Monday, August 13, 2012

On to the land of tatting

I've gone from babyland to the land of tatting, all with the little exercise of the making the samples for the LACE group.  I admit there had been a hankering for the tatting for a while but this got me going.

After I finished the samples, I was looking through one of the books I'd been using and came across a pattern that was just like the one I'd found in the 1933 craft magazine (click here for more info on that one).  I'm so fascinated by this technique of tatting a pattern with an open middle and then needle weaving a pattern in the opening.  The pattern I just found is in a Dover publication but the original publication of the pattern was probably in this same time frame - early 1930's.  See what you think.

First you tat the "frame."
These are 4 identical motifs that were joined as I worked.  The way the pattern was written made the final join in the motif extremely challenging but I found that by changing the starting point from the ring in the middle of the side to the 4-ring motif in the corner, it solved the challenge and made it easy as pie.  It's easier and I'm allowed to do that.
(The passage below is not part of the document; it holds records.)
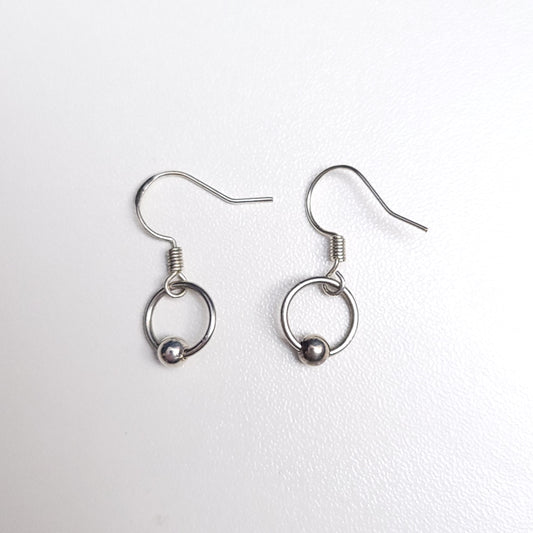 $5 beaded earrings - Variety of options.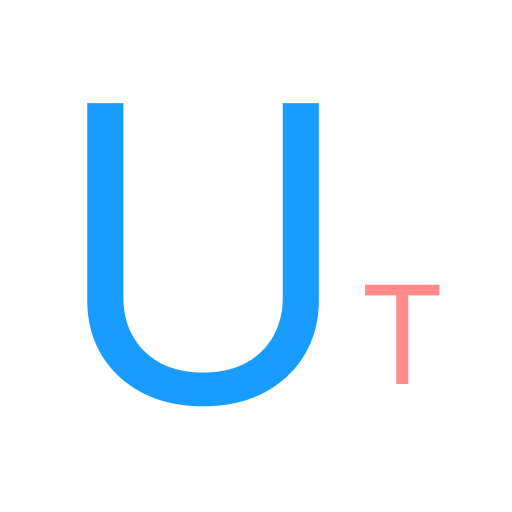 Useless Toolkit Logo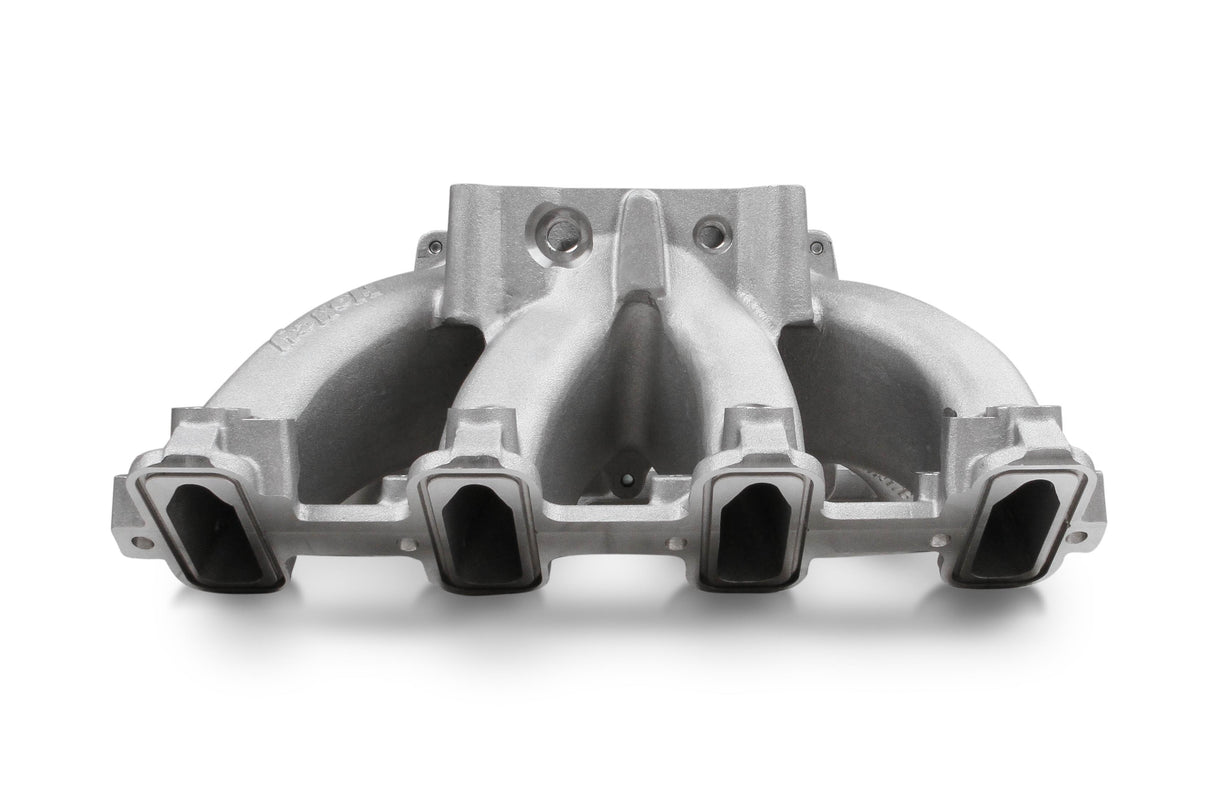 Holley 300-255 Single Plane EFI Split-Design Race Intake Manifold- GM LS1/LS2/LS6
Working the following 3 motifs, getting the joins in the right place however, entailed the challenge of paying attention to where I was at all time and making consciously sure I was joining to the right picot (see previous post about "ripping out" tatting - not fun).  Of course, I had to test my powers of tatting by doing all this by watching the movie Inception.  I love that movie but I don't recommend tatting something complex while watching it.  That is, unless you've seen it more than 10 times. 

Now that I have the framework in place, I can work the inner weaving patterns.
Like this.  Isn't that interesting?  Click on the photo for a closer look.
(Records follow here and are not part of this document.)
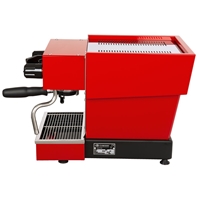 La Marzocco Linea Micra - Rot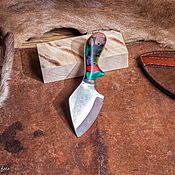 Сувениры и подарки handmade. Livemaster - original item Urban knife 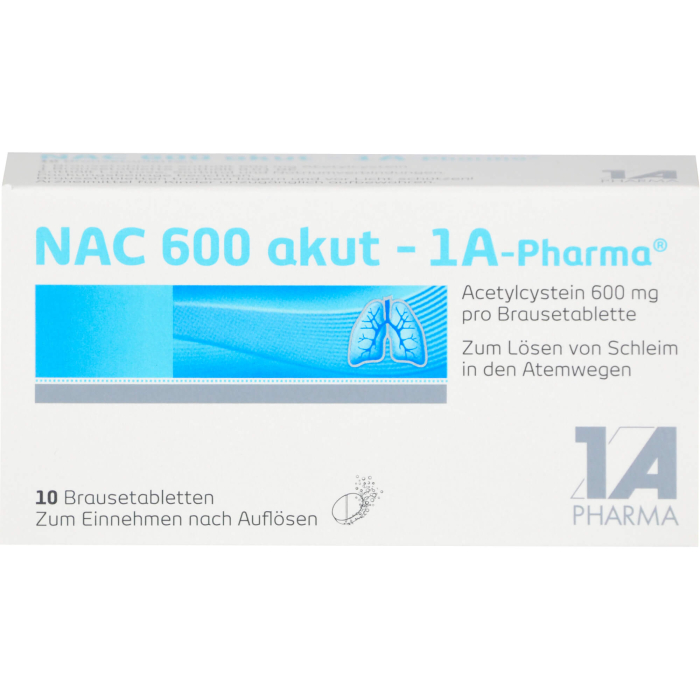 Produktabbildung PZN 00562755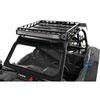 Tusk UTV Adventure Roof Rack-Roof Rack-Tusk-Rack Only-Black Market UTV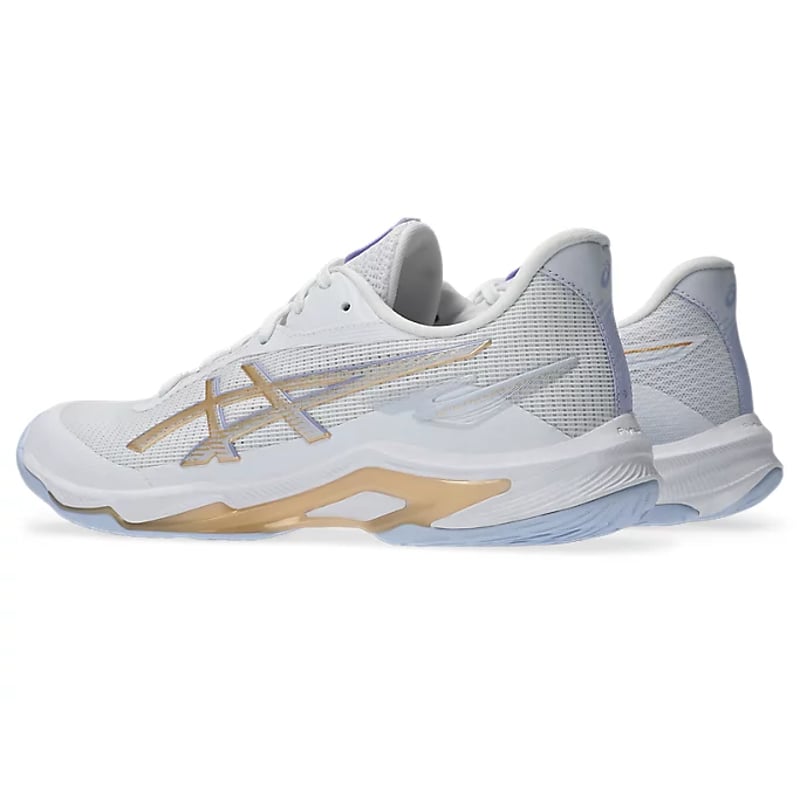 ASICS Netburner Ballistic FF 4 (Wide) 1052A085-102 03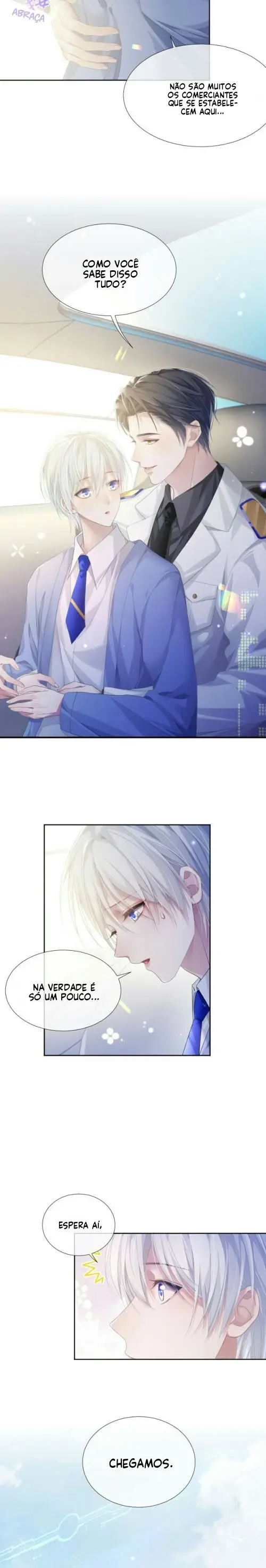 Continued Love – Capítulo 09 Yaoi – Página 5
I've got it pinned to one of my bobbin lace pillows to make sure it doesn't get skewed in the weaving.  I also steam ironed it before I started.  The helps set everything in place.  Tatting's pretty solid but it just adds a bit of structure as the weaving is worked.

The needle weaving is very relaxing and contemplative.

I've been wondering how this could be worked with knitting (not sure how that would hold up) and crochet (I think crochet could totally work).  I even thought about the possibility of working this in a sweater or other garment.  You could certain even work the tatting and use it as a centerpiece in a knitted garment.  How about doing it in a circle and using it as the yoke of a sweater?  That could be very, very cool.

By the way, for those that care, I'm working this using Lizbet size 20 Egyptian cotton in Mocha Brown Medium.  It's a 6-cord cardonnet thread which is more tightly spun than regular crochet thread and more suited to tatting.  You can use crochet thread but it doesn't hold up as well or have as much body for tatting.